Normally, tickets for these trips are sold out well in advance as thousands of people who work in the urban centres join in the big rush back to their hometowns to celebrate the festive occasion.
Besides the established bus companies doing roaring business, there are also others who are given one-off permits to use factory, tourist or even school buses to cope with the high volume of travellers.
Given the high number of express buses criss-crossing the country during the period, sufficient laws are in place by the police, Road Transport Department and Road Safety Department to govern the industry. And due to frequent fatal accidents involving express buses in the last five years, a new set of legislation called the Safety, Health and Environment (SHE) Code of Practice has been added.

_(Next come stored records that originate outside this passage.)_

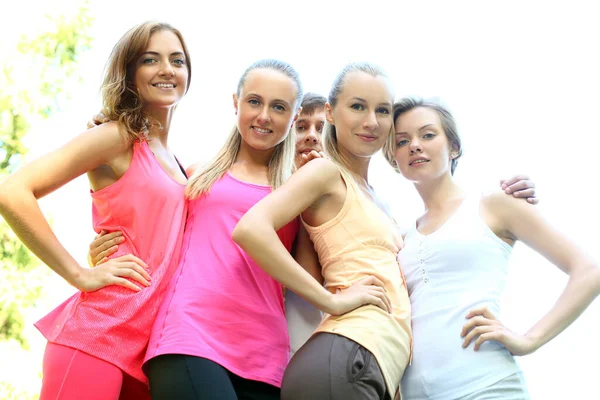 Jovens Amigos Caucasianos Felizes Desgaste Fitness Livre — Fotografia de Stock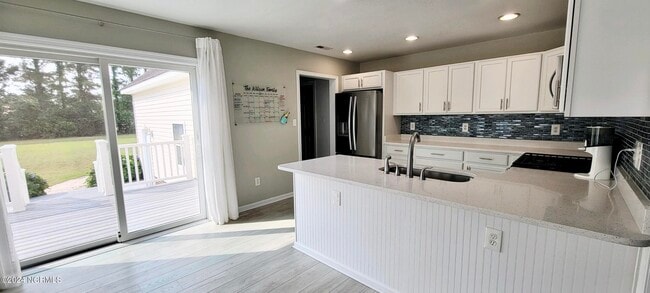 Building Photo - 120 Soundside Estates Dr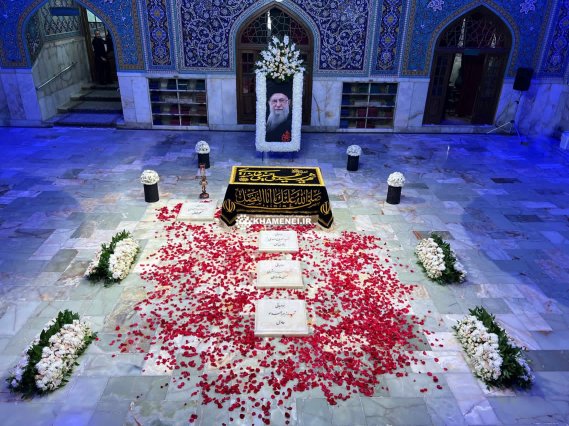 جنایتکاران باید بدانند که امر انتقام، متوقّف بر وجود شخص من یا سایر مسئولان نیست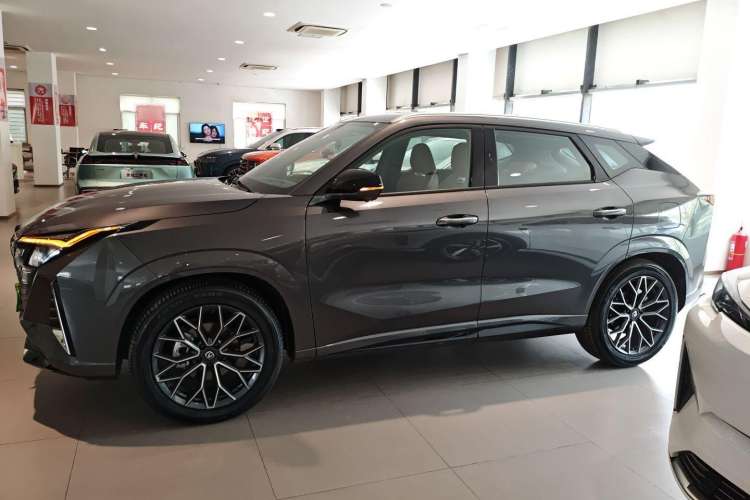 Used Changan UNI-Z 2025 1.5T Premium Edition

This has created greater awareness and concern among operators over passenger safety. There is also the fear of having their permits suspended or revoked in cases where bus accidents result in many deaths.
As far as enforcement is concerned, there seems to be an upsurge during the Ops Sikap safety campaign which runs a week before and a week after the festive season. This year, Ops Sikap has been renamed Ops Selamat.
But for the most part of the year, the problem lies with lax enforcement and this is when accidents involving express buses are reportedly on the rise.
While many bus companies are investing heavily on new fleets of luxury and double-decker buses, they don't seem to be particularly generous when it comes to the welfare of what I consider to be the most important people in the industry – the bus drivers.
I sat down last week with two drivers at Kuala Lumpur's Hang Tuah Bus Station to get their side of the story and true enough, the impression I got was that the people behind the wheel carrying so many lives on long and monotonous journeys are a demotivated lot.
"Do you have basic pay and how many days off do you have in a week?" I asked.
It came as a shock to me to find that they don't even have a basic salary and are on the road most of the week.
They are paid "trip allowances" of RM80 a trip and to take home between RM2,000 and RM3,000 a month, they have to make as many trips as possible, foregoing sleep and rest.
The Consumers' Association of Penang once highlighted the case of bus drivers staying awake with the help of psychotropic pills. It cited the confession of a drug-using driver plying the Kuala Lumpur-Terengganu route for 10 years. With the pill, he said "eyes are awake but the brain is asleep", adding that most drivers tend to speed because they would otherwise feel sleepy.
The bus drivers I spoke with said most accidents tend to happen towards the end of a long journey when the body is fatigued.
A lot of factors have been blamed for fatal express bus accidents but common sense dictates that a sleepy driver is a major cause, and this seems to be ignored by the authorities and industry players.
In cases where the driver also gets killed in an accident, the authorities investigating the tragedy can not determine the cause because a dead men tell no tales.
Malaysia's worst ever road accident occurred at 4.20am on Aug 13, 2007 when an express bus from Johor Baru skidded and overturned near Bukit Gantang in Perak, killing 20 people including the driver.
According to co-driver V. Veeraman, the driver Rohizan Abu Bakar, had driven 700km over nine hours with only a brief break in between on that fateful day.
Although the two-driver regulation was in place then, it proved to be useless because, according to Veeraman, he himself was fast asleep when the accident happened.
On Dec 26, 2009, 10 passengers died when the express bus they were travelling in crashed through a guardrail near the Ipoh toll plaza. Driver Mohd Kamil Rashid told police he was sleepy at the time of the crash. Being sleepy proved to be no defence as Mohd Kamil is now serving a four-year jail sentence.
There is no excuse whatsoever for a co-driver, who is supposed to take over in the event the first driver becomes tired or sleepy, to be fast asleep as in the Bukit Gantang tragedy.
The fact that this is still happening goes to show that bus companies have done little or nothing to give their drivers a better deal.
To enhance road safety, the government set up a Road Safety Department a few years ago. But this department has not been able to enforce the mandatory use of safety belts on board express buses, despite the high death toll in crashes. If such regulations can be enforced on car drivers and passengers, why not on express bus passengers and drivers?
I'm told that this is because many buses have plywood flooring which is not strong enough to retrofit anchorage points for seat belts. This means that, although on the outside our express buses look tough and modern, the flooring is not up to international standards and poses high safety risks.
The Transport Ministry should revisit this aspect given the vulnerability of these vehicles. It's also time for another rule to enhance the status of bus drivers through more caring incentives.
Everyone must play their part in ensuring safe travel this festive season.